Our future does look precarious, but we are attempting to find a way forward together, trusting in provision and the support of others. If you would like to join us in this work, we ask first and foremost that you consider how you might be able to extend hospitality to those without, within your own circumstance. Dorothy Day, co-founder of the Catholic Worker Movement, believed that if each of us took responsibility for each other, there would be no need for impersonal and degrading systems to take care of ‘the poor’. “If your brother is hungry,” she said, “You feed him. You do not turn him away from your door and say ‘go be thou fed’.” If you would like to open a room up within your own home for someone who is going without housing, and are unable to find someone on your own, please contact us and we will refer someone to you.
If offering a ‘Christ Room’ to someone without housing in your own house is not feasible, and you would like to contribute to the work of our community, we would be grateful for support. As many of our guests are scattered in motel rooms across the city and we ourselves have no room to store blankets and clothing, we cannot accept large donations of physical items. Motel vouchers are greatly appreciated. Many of the guests are in need of clothing, and gift cards to stores like Ross, Target or the ARC are appropriate. Healthy food is a high priority, and gift cards for grocery stores are also welcome.

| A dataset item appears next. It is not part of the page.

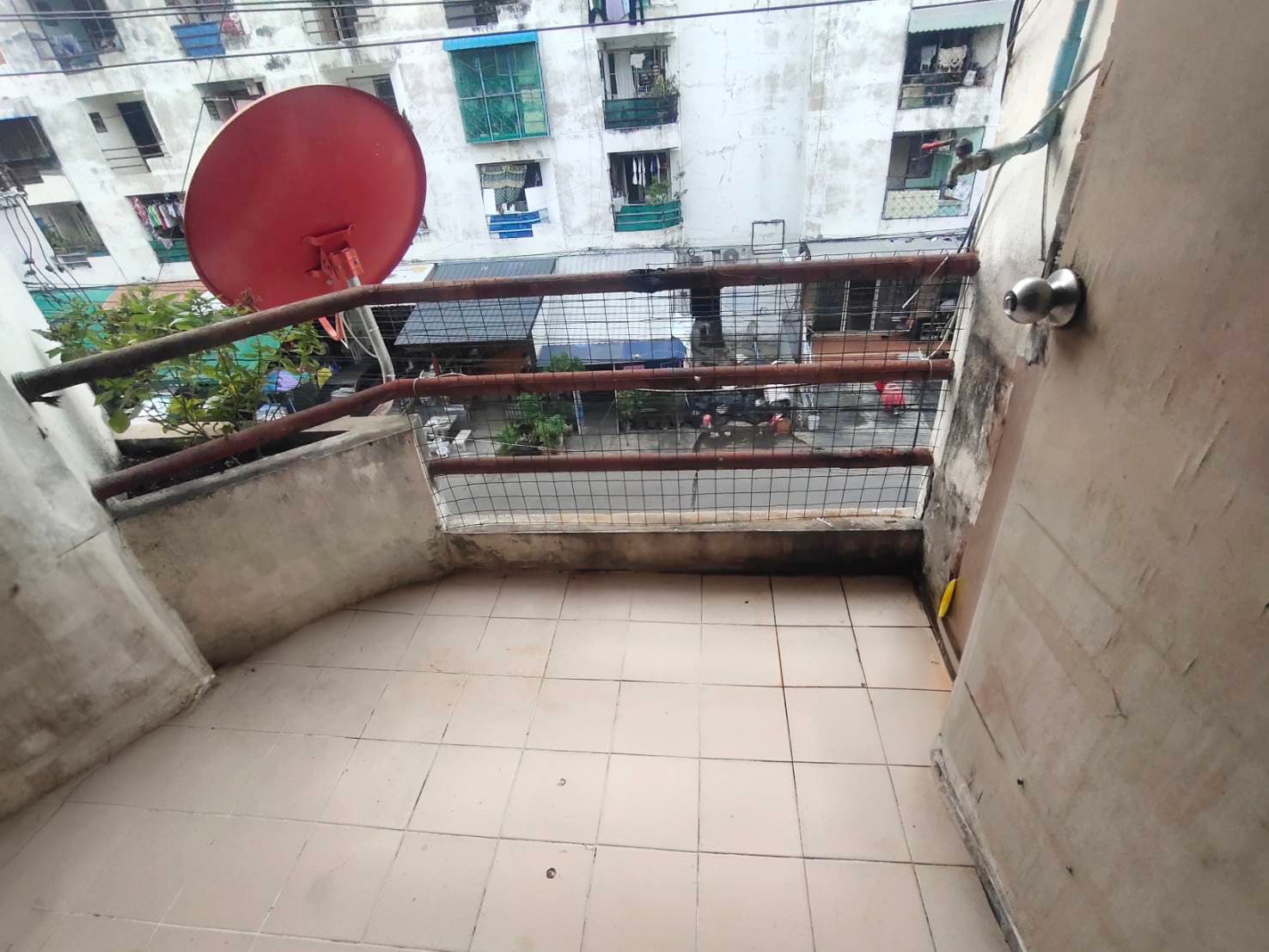 0188aa61-141557-4.jpg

For years, Denver Food Rescue has delivered leftovers from grocery stores to the Catholic Worker House and we have organized it and redistributed it to low income families living within our neighborhood. Thanks to the Little Flower Catholic Worker House – a new smaller house of hospitality – we will continue this program to the best of our abilities. Kristen, who has spearheaded this effort is welcoming help on Sundays. Also, a permanent live-in worker volunteer opportunity is available at the Little Flower Catholic Worker House. Contact Carol Briggs for more information – [phone redacted].
Lastly, we would like to open another house soon. We are grateful for any financial contributions and if there is a parish, community, church or individual who is able to donate a property to our efforts, we would be more than happy to speak with you. Please feel free to contact any of the following people to arrange donations or connect with us.
Anna Koop – [phone redacted]
Marcus Hyde – [phone redacted]
Jennifer Haines – [phone redacted]
Kristen Brunelli (to help with food)- [phone redacted]
Any checks can be made out to The Denver Catholic Worker House and mailed to:
1023 26th Street
Denver Colorado 80205.
For now, Mass/Prayer continues at the regular time, Thursdays at 7:30pm, and will be held at 3024 Elizabeth Street. All are welcome, regardless of religious affiliation.
This past Thursday, on the evening of the fire, we read in the scriptures that there will be ‘house for God’s people.’ We understand more now than ever that we must create a sense of home among each other. ‘There are still many for whom there is no room in the inn.’ But there will be a house for the people of God.
Thank you for your prayers and good intentions.